We were there in an hour’s time, and having checked in to the GMVN hotel there, we left to see the ancient Narasimha temple, also where Adi Shankara is believed to have spent his last days after establishing his fourth Matha. This is also the temple where the statue of Lord Badrinath (Vishnu) is kept during winter when the main Badrinath temple is closed. While I generally do not prefer big temples, I found this rather peaceful. It appeared people stayed within the temple premises and a small group, who seemed to be residents of the temple community, was singing Shiv Bhajans when we went there. I listened to their chants for a few minutes and felt a sense of serenity permeate within. There is truly something about Bhajans being sung with devotion. We then went to see the Kalpavruksh tree which was believed to be two thousand years old, which I found rather hard to believe. The temple records from the Math indicated that Shankara lived during the 500 BC period, whereas I had always been under the impression he was born in the late 8th century AD. (A quick reading of Wikipedia indicates that that latter date is the more likely one).
We spent the night at Joshimath and next morning headed to Govindghat, from where we were to trek uphill to Ghangria, the base camp for our VoF and Hemkund Saheb treks. We bought walking sticks at Govindghat, dumped most of our baggage on the horses and the camera gear with the porters (or Bittus as they are called there) and proceeded to climb the 14 kms steep slope up to Ghangria. Vivek and I quickly left the others behind as they stopped early for breakfast. Loads of horse shit and mule dung all the way up, and it rained incessantly as well (in hindsight, I am no longer sure if it did rain all the time), nevertheless, we did reach Ghangria by 4. It had taken me almost 7 hours to get there, but I was just glad that I had actually been able to make it. Relatively speaking, the Govindghat-Ghangria trek was probably the least beautiful route of the entire trip. However, the Laxman Ganga (one of the tributaries of the Ganga) kept us company pretty much all the way through, and several waterfalls lit up the route here and there.

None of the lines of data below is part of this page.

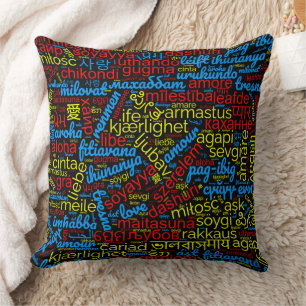 Colourful Love Word Cloud in Many Languages Cushion
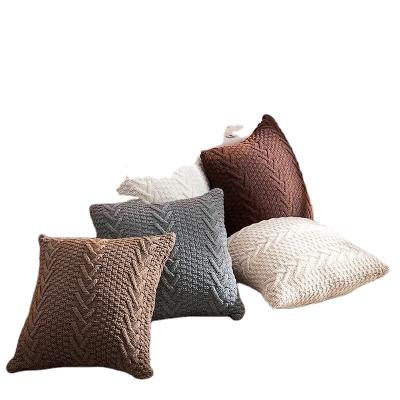 China 2021 Boho Design Wool Pillow Case Anti-static Decorative Twist Woven Car Cushion Cover Knitting Pillow for sale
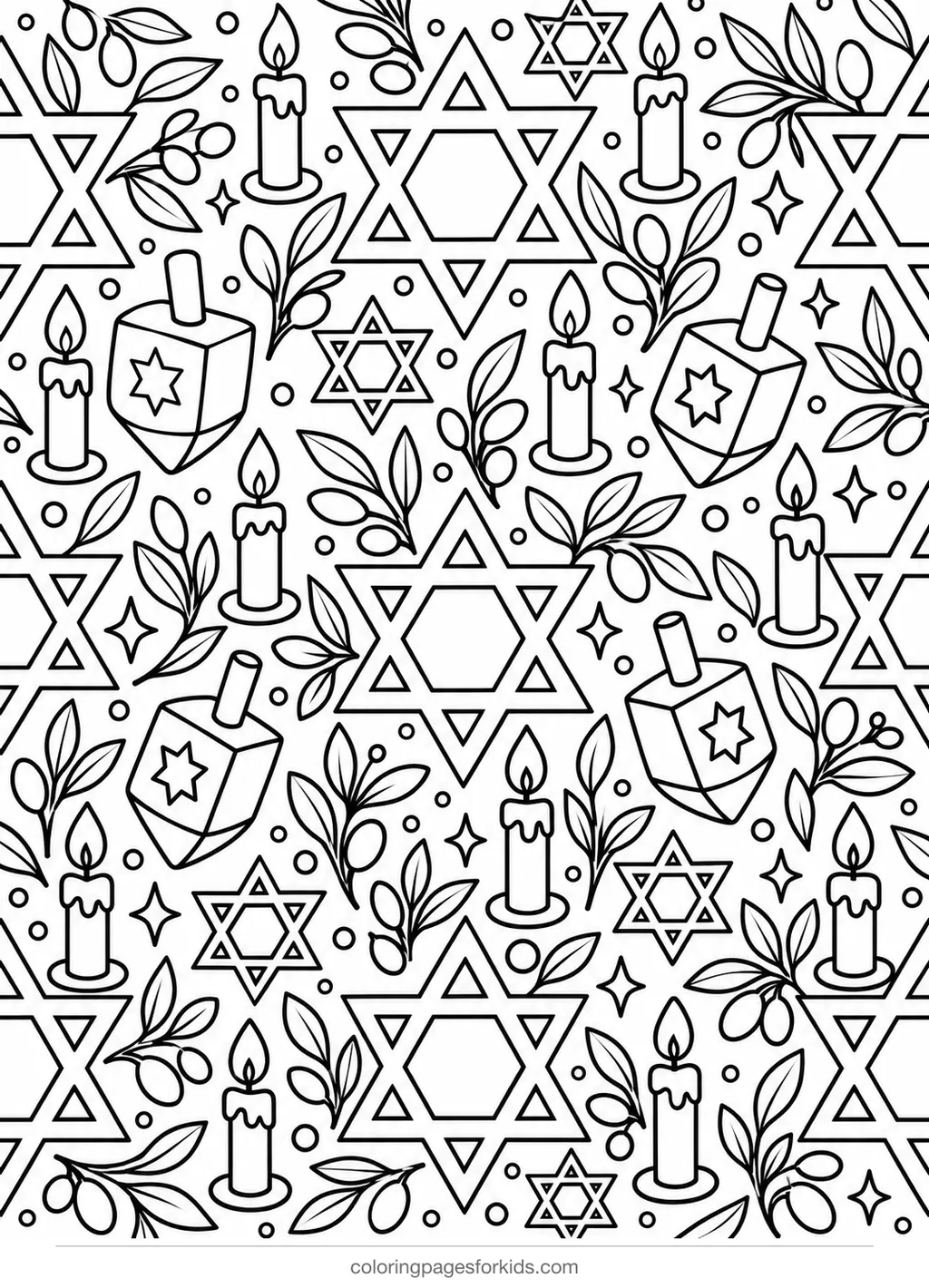 Hanukkah coloring page with Star of David pattern, detailed black-and-white printable for ages 7-10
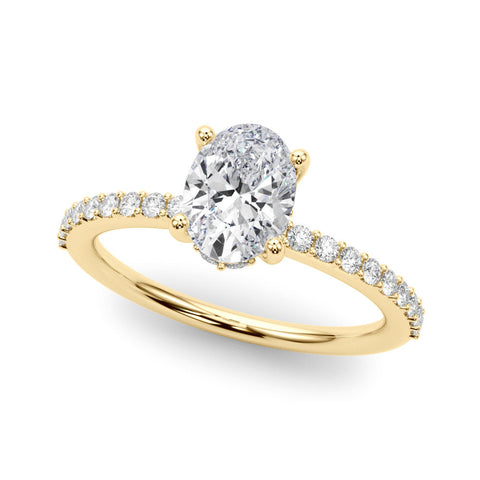 Yellow gold Oval Cut Diamond Pavé Band with Four-Prong Setting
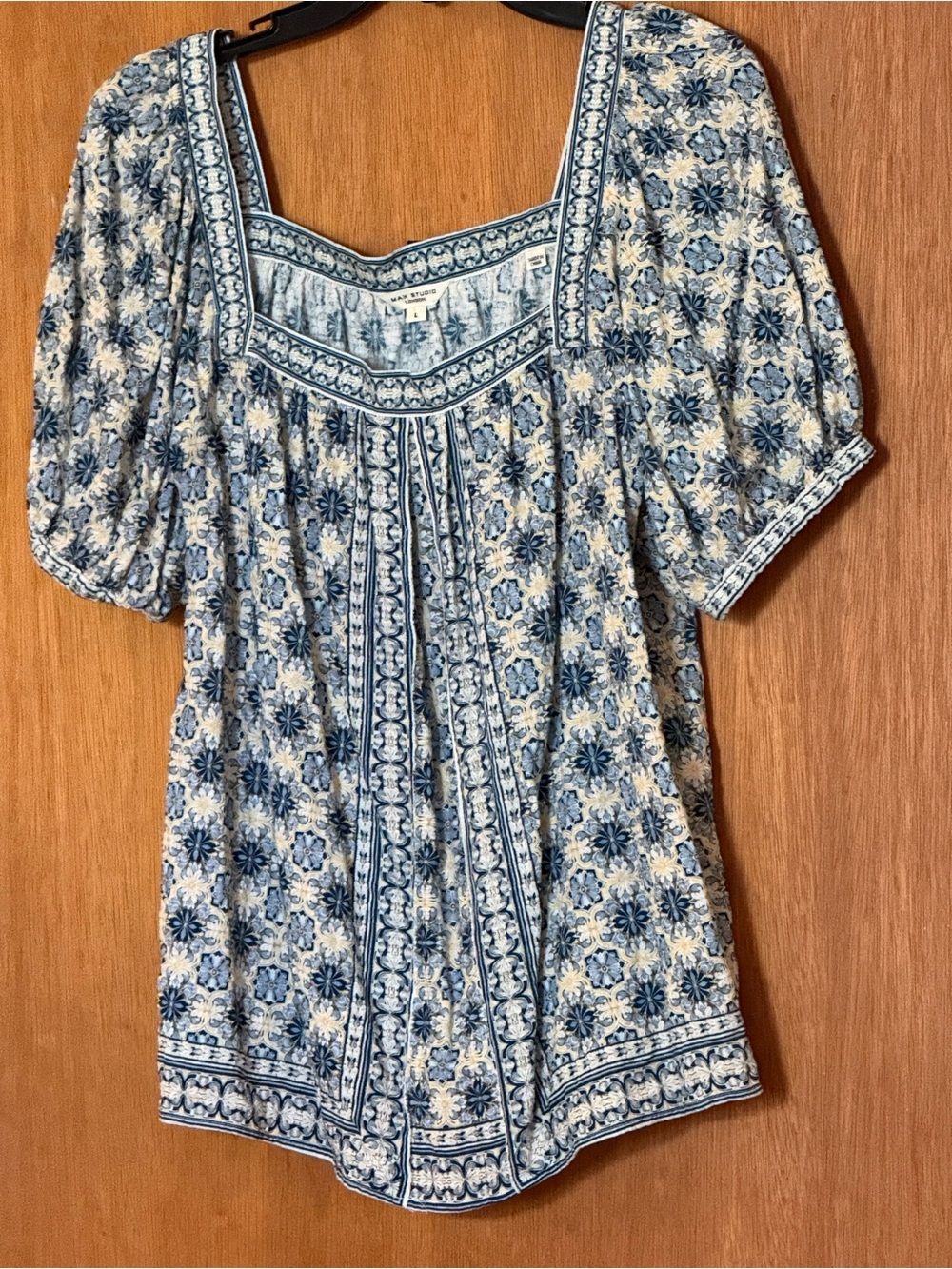 Max Studio Blue and Cream Floral Square-Neck Tunic
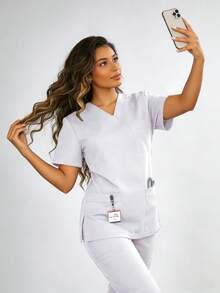 Verabschieden Sie sich von verblassender Verlegenheit! Mehrzweck-Arbeitskleidung mit 3D-Schnitt, langanhaltender Formbeständigkeit, nicht verblassender Damenkittel, Schadenersatz inklusive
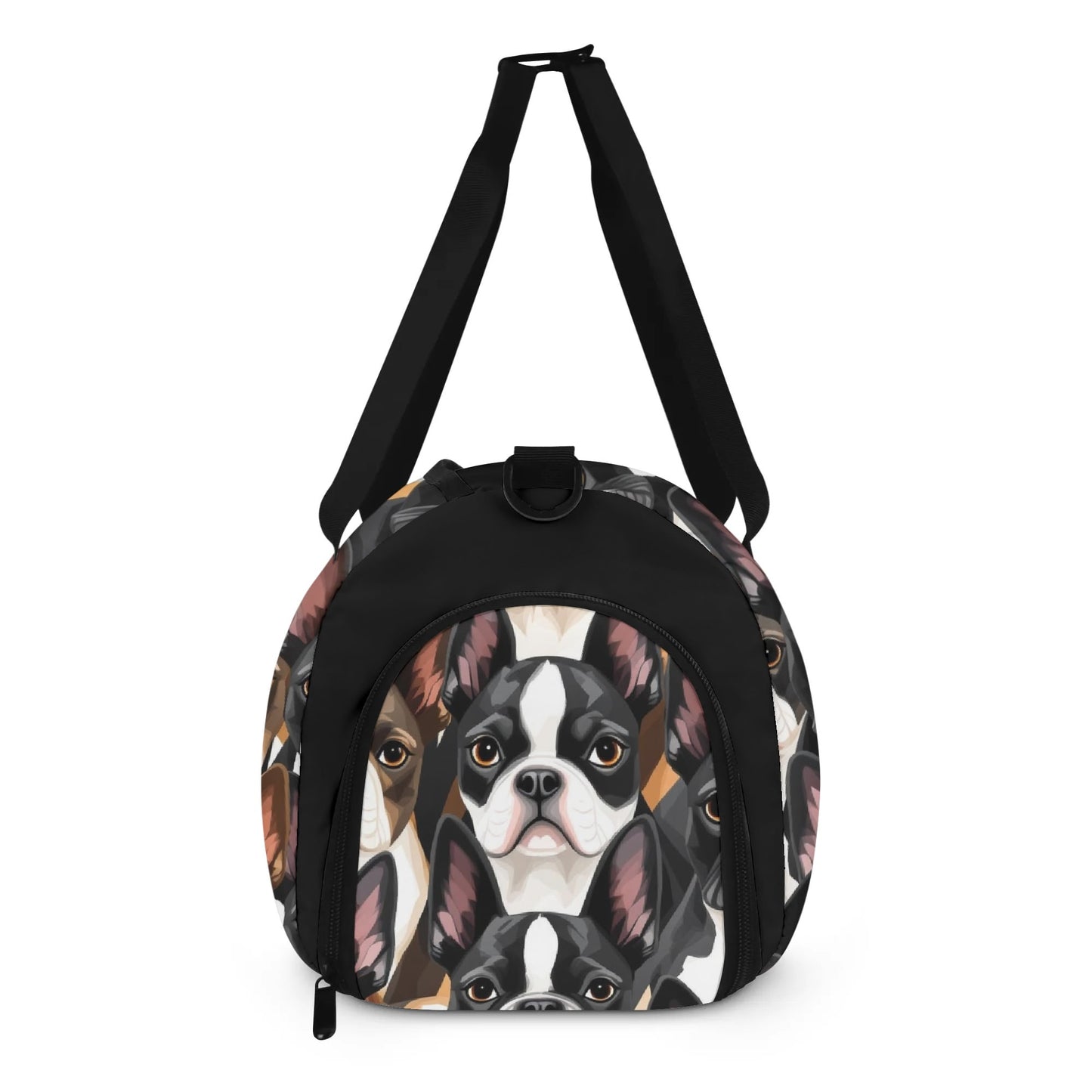 Boston Terrier Dogs Crowd Sports Gym Duffle Bags .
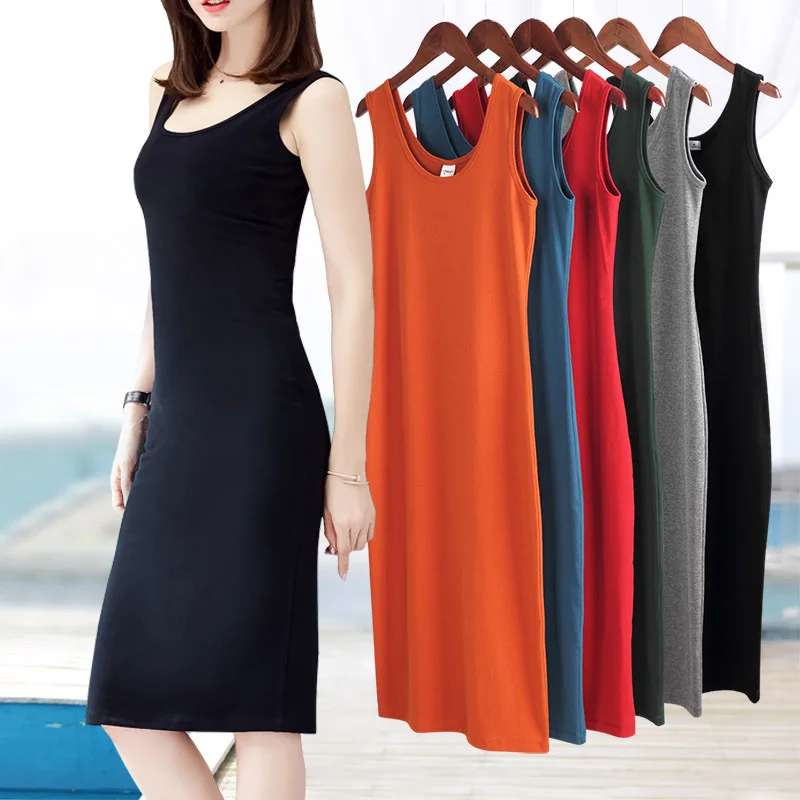 2019 женское платье большого размера хлопок одноцветные топы жилет без рукавов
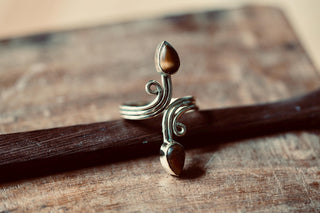 Spiral Brass Tiger's Eye Adjustable Ring, One size bohemian Black Stone Ring for Her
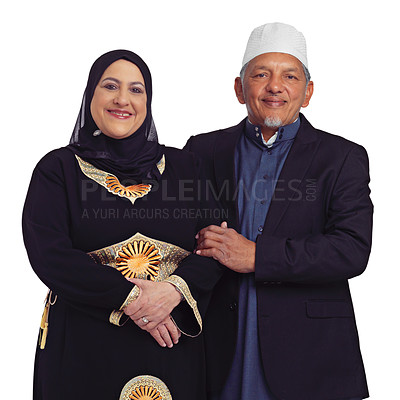 Buy stock photo Love, islam and portrait of elderly happy couple together in studio with smile isolated on white background. Religion, marriage and culture for muslim couple, senior man and happy woman from Morocco.
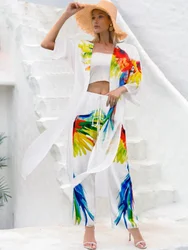 New Bohemian Dress Chiffon Bikini Cover up Kaftan White Dress Plus size Kimono Beachwear Print Tunic for Beach Swimsuit Cover up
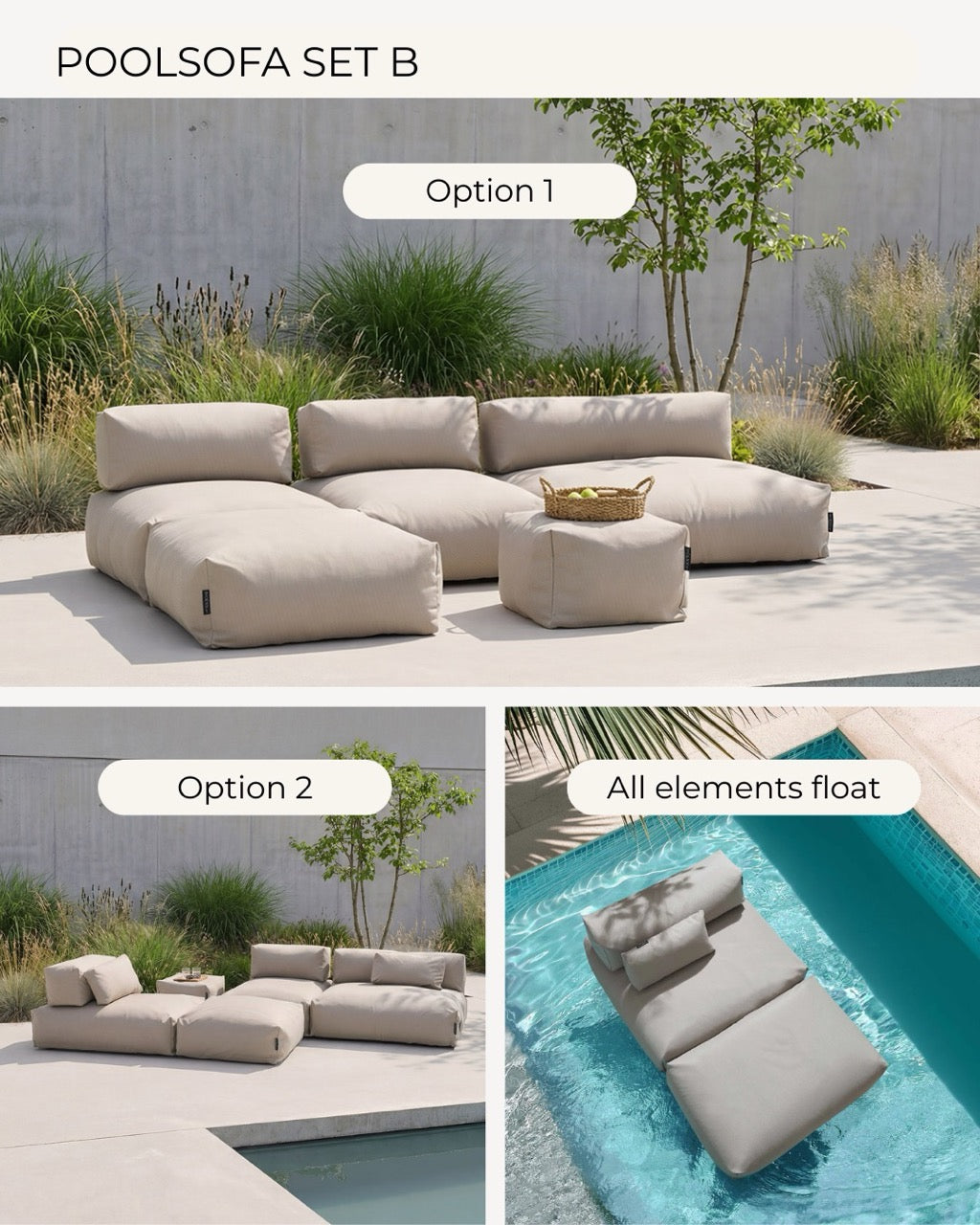 Salon de jardin POOLSOFA - Configuration B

The horses had reached before us, but when I opened my bags in the hotel room, to my chagrin, I found that all the clothes in my bag were completely wet as well. As good as the Quechua bag was, water proof it certainly wasn’t. Ghangria was busy and dreadfully cold, and after making a call home, I quickly tumbled into bed shivering within the blankets that needed me to warm them up before they warmed me back. We ordered dinner in the room, before retiring for the night.